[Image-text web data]
_ _ _ _

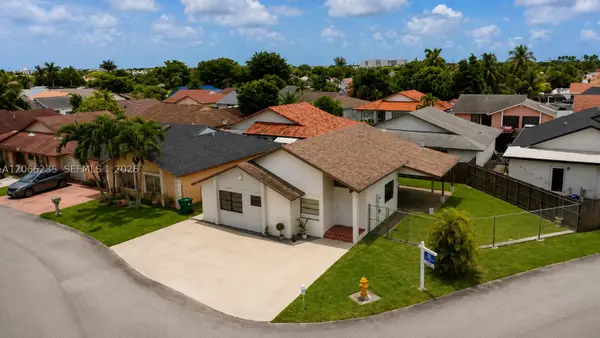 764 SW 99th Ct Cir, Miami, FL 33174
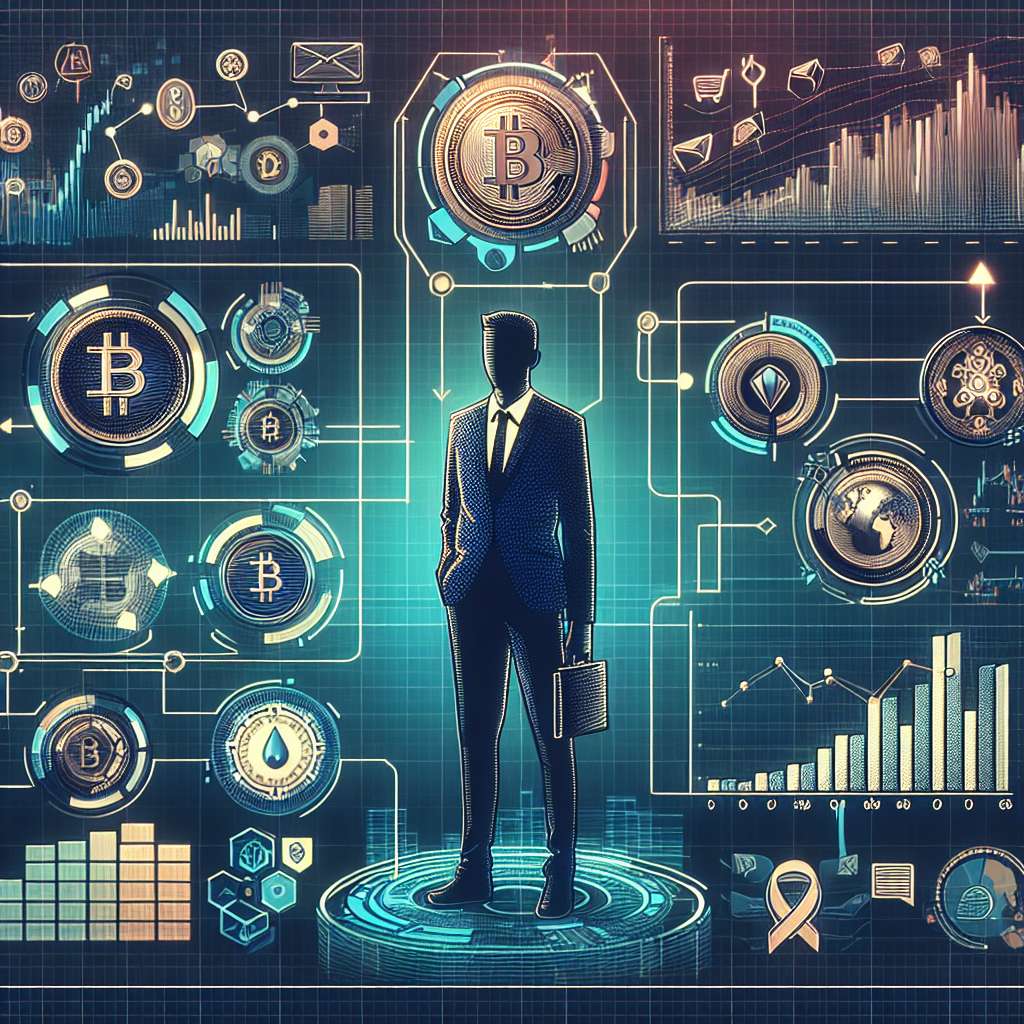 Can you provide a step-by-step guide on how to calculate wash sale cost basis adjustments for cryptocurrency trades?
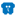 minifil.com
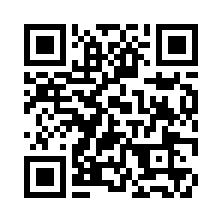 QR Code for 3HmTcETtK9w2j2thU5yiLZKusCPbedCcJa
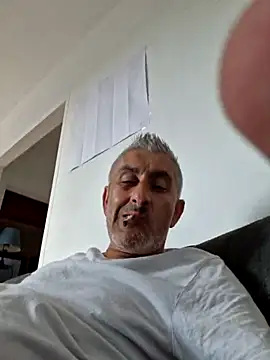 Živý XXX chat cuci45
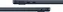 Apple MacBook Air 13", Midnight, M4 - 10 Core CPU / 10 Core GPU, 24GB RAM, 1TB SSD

_ _ _ _

Your instructions:
Emit an exact copy of the lines from the line bearing "Živý XXX chat cuci45" through the last line above, inclusive, and leave the images out.

Reply:
 Živý XXX chat cuci45
 Apple MacBook Air 13", Midnight, M4 - 10 Core CPU / 10 Core GPU, 24GB RAM, 1TB SSD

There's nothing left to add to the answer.